Question

Calculus help please?

Evaluate this trigonometric integral:
integral (sin x/ (1-sin^2 x) ) dx

Answer 1

\(\Large\bf\sf 1-\sin^2x\quad=\quad \cos^2x\)
yes?

Answer 2

\[\Large\bf\sf \int\limits \frac{\sin x}{\cos^2x}\;dx\quad=\quad \int\limits \frac{1}{\color{royalblue}{\cos}^2\color{royalblue}{x}}\left(\color{orangered}{\sin x\;dx}\right)\]We want to make the substitution:
\[\Large\bf\sf \color{royalblue}{u=\cos x}\]Understand how to proceed from there?

Answer 3

Ok I can see what you did .... do 1/ cos^2x becomes cos x? or does (sin x dx) become cos x?

Answer 4

@zepdrix ?

Answer 5

what?
I'm not sure what you're asking..

Answer 6

\[\Large\bf\sf \int\limits\limits \frac{1}{\color{royalblue}{\cos}^2\color{royalblue}{x}}\left(\color{orangered}{\sin x\;dx}\right)\quad=\quad \int\limits\limits \frac{1}{\color{royalblue}{u}^2}\left(\color{orangered}{\sin x\;dx}\right)\]The substitution changes the problem to this, understand?
We still need to deal with the sin x dx

Answer 7

ok I'm sorry now I see

Answer 8

well sin x dx = - cos x + C right?

Answer 9

No we don't integrate the sin x dx.
We can't integrate something that involves `both` u and x.

Answer 10

We need to change `everything with x in it` to `something with u in it`.
We replaced the cosx with u.

Now we need to replace sinx dx with something involving u, BEFORE we can integrate.

Answer 11

To find a replacement, take the derivative of your substitution,\[\Large\bf\sf \color{royalblue}{u=\cos x},\qquad\qquad\qquad \frac{du}{dx}=?\]

Answer 12

- sin x?

Answer 13

or 0 my bad... I think

Answer 14

Ok good, your first guess looks right. We'll "multiply" the dx to the other side, giving us:\[\Large\bf\sf du=-\color{orangered}{\sin x \;dx}\]
See how we `almost` have something to replace with sin x dx in our integral?

Answer 15

ok so my first guess was right :)

Answer 16

ok

Answer 17

We want to "solve for" sin x dx.
See how the negative sign is in the way?
What can we do about that? :o

Answer 18

tranfer it to du?

Answer 19

Multiply the negative to the other side?
Ok good.\[\Large\bf\sf \color{orangered}{-du=\sin x \;dx}\]Ok ok ok.
See what we can plug in for our sinx dx now?

Answer 20

hmm I think thats - cos ^-1 ?

Answer 21

Ok looks good!
But `do not` use -1 for powers of trig functions.
We reserve that for the inverse function.\[\Large\bf\sf \cos^{-1}x\quad\ne\quad \frac{1}{\cos x}\]
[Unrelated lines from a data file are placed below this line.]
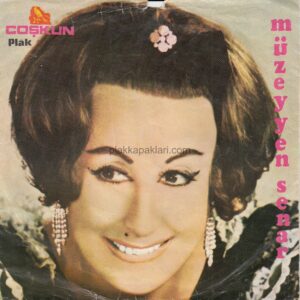 MÜZEYYEN SENAR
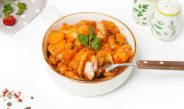 Тушеная капуста с курицей и картошкой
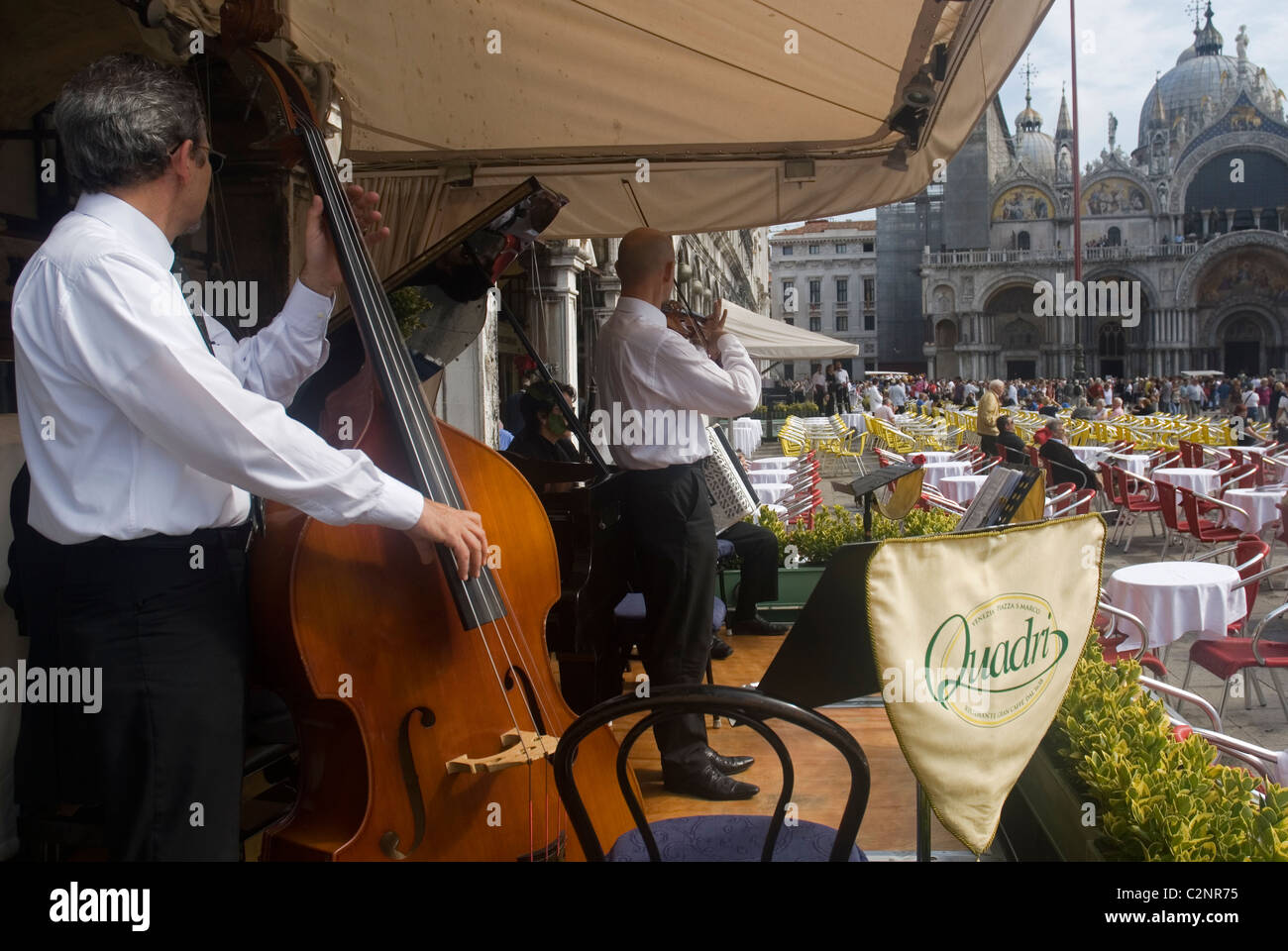 Venice orchestra hi-res stock photography and images - Alamy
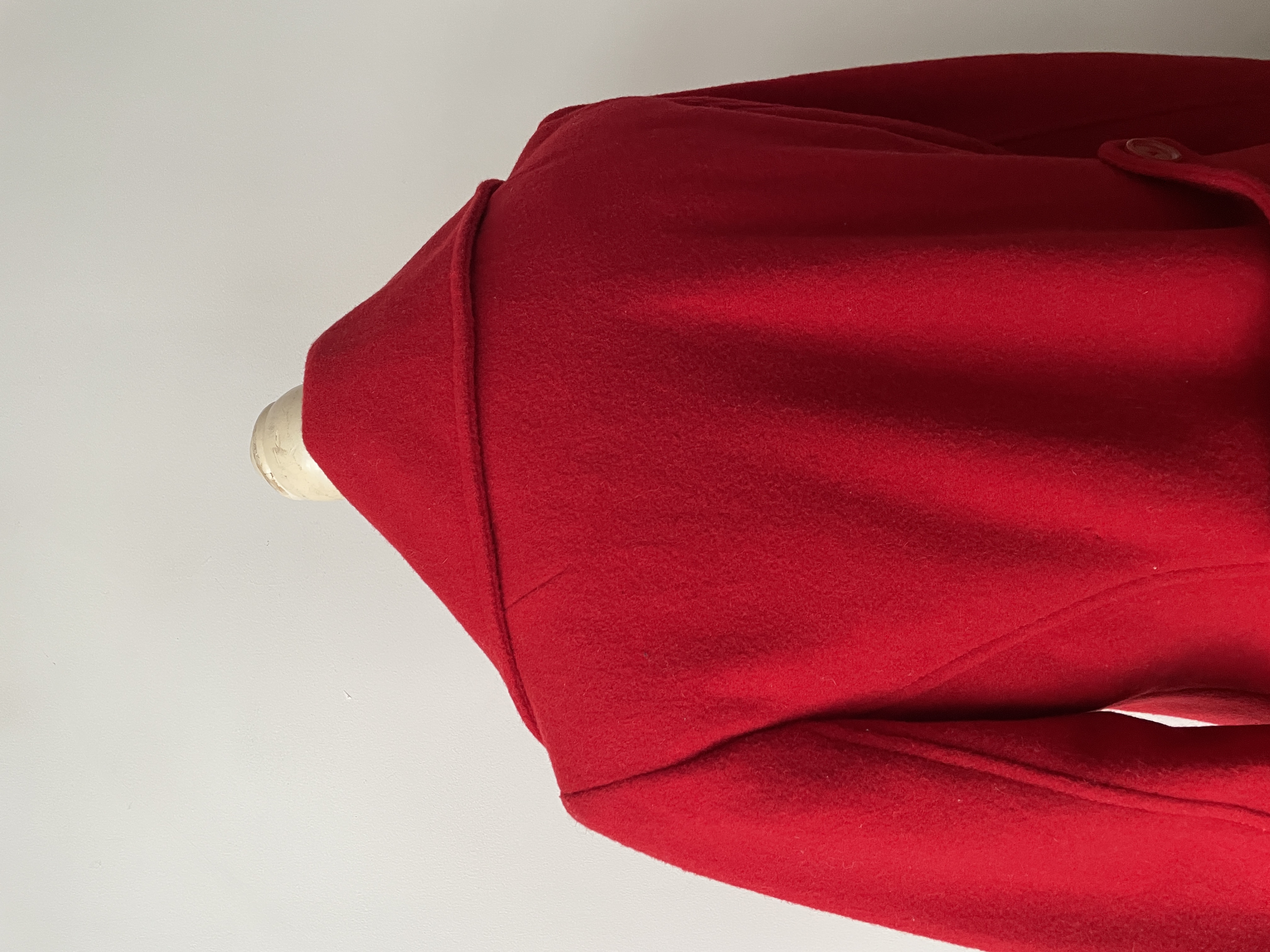 Abrigo rojo lana detalle. Talla: M 10
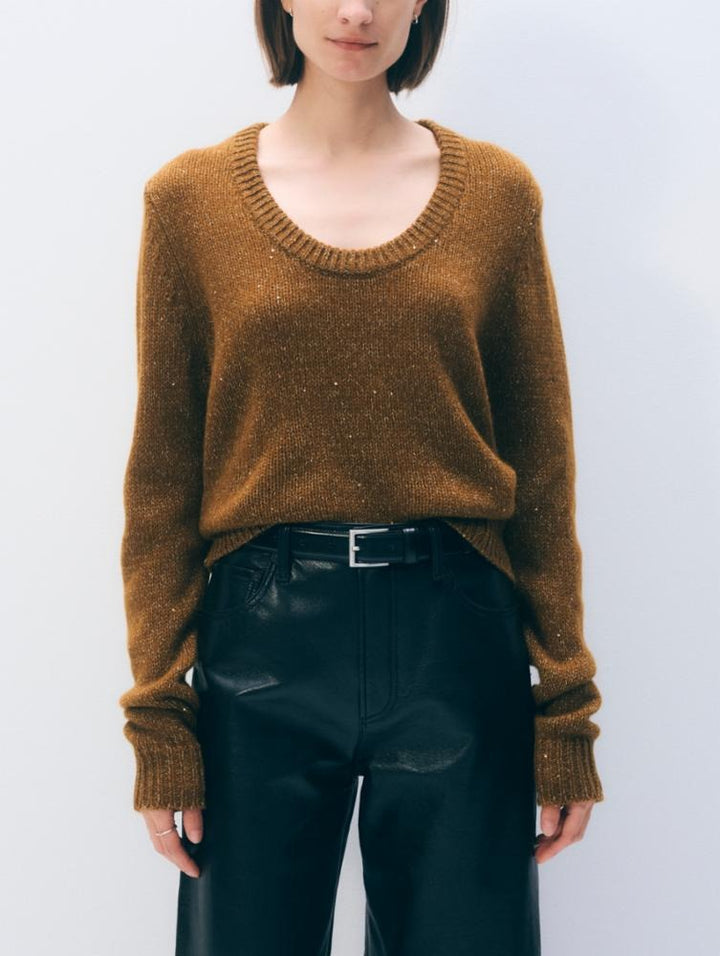 WHITE & WARREN - Cashmere Shine Scoop Neck in Antique Gold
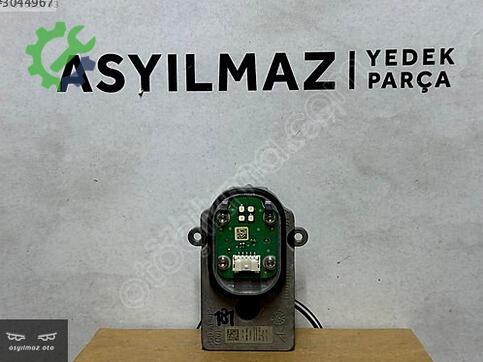 Mercedes-Benz C Serisi Far çıkma parça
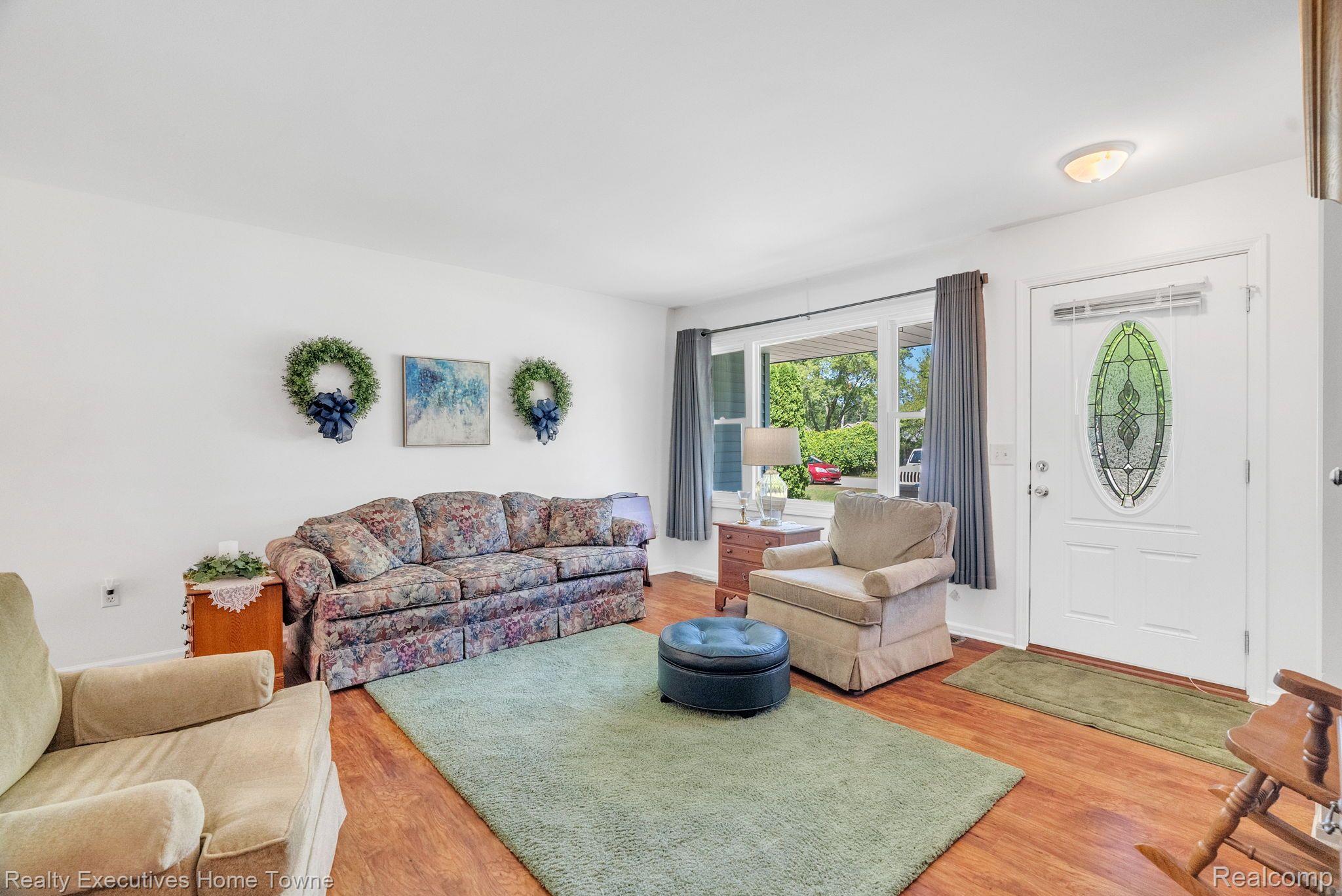 3377 SAPPHIRE LN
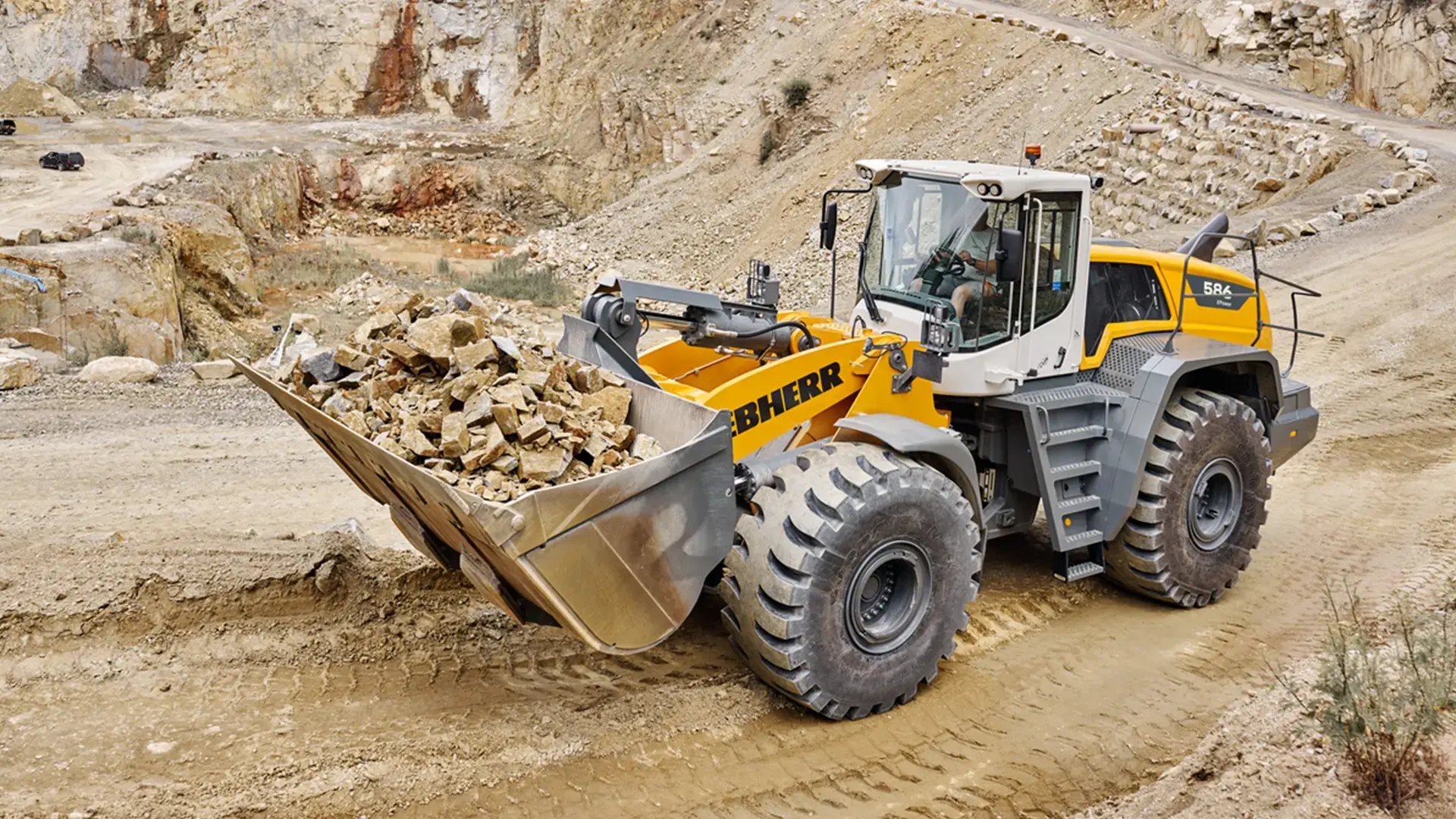 liebherr-stage-usa-l586-xpower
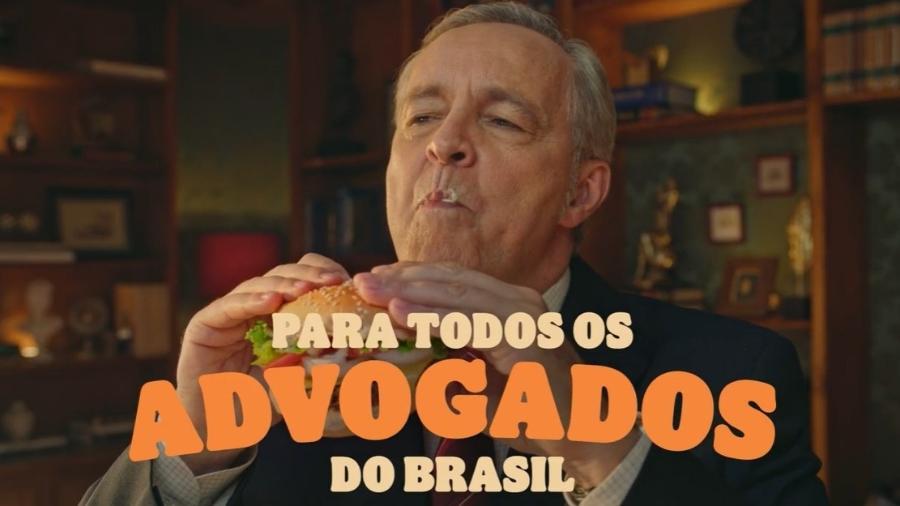 Cópia da cópia: Burger King dará sanduíche a advogados com carteira da OAB.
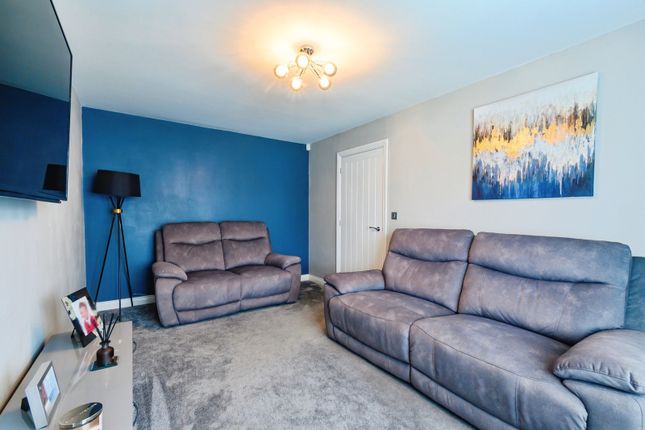 2, Verdant Green Close, Manchester photo 4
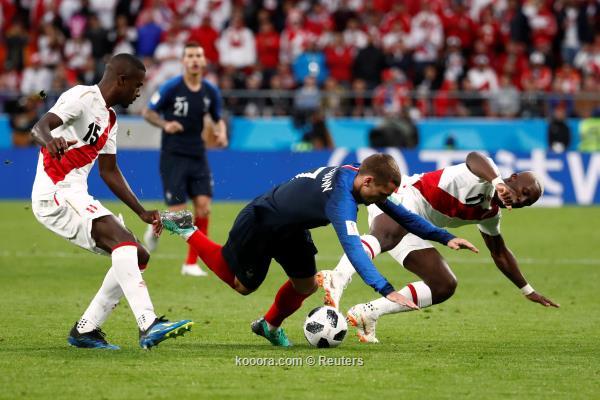 بالصور: فرنسا تتأهل وتنهي مغامرة بيرو بعرض ضعيف 2018-06-21t163120z_783295242_rc14deaa6490_rtrmadp_3_soccer-worldcup-fra-per_reuters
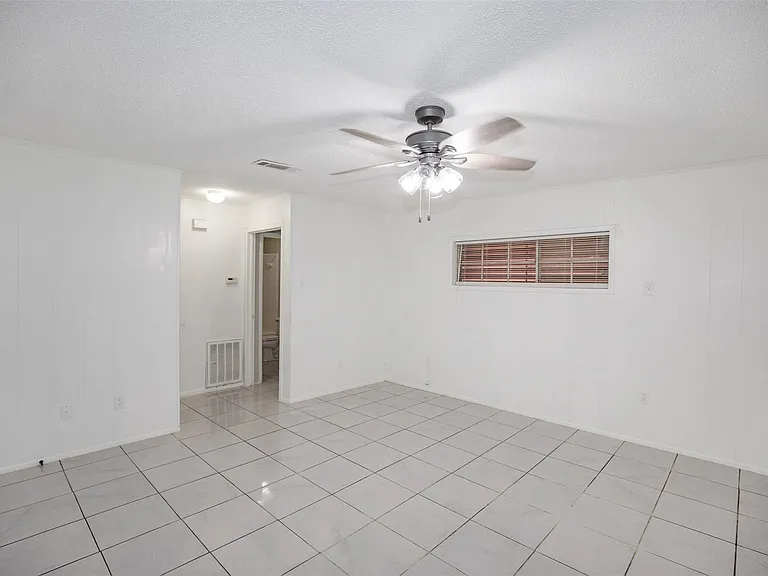 2020B Rosalee St — Photo 12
You can write it like this if you want,\[\Large\bf\sf (\cos x)^{-1}\]
I think your negative goes away when you integrate, yes?
You picked up a -1 from the sinxdx substitution.
Then you lose it when you integrate, gaining a factor of -1 from the u.

Answer 22

ok so 1/cos x is my final answer right?

Answer 23

Mmm ya that sounds right! good job.

Answer 24

thank you soo much!!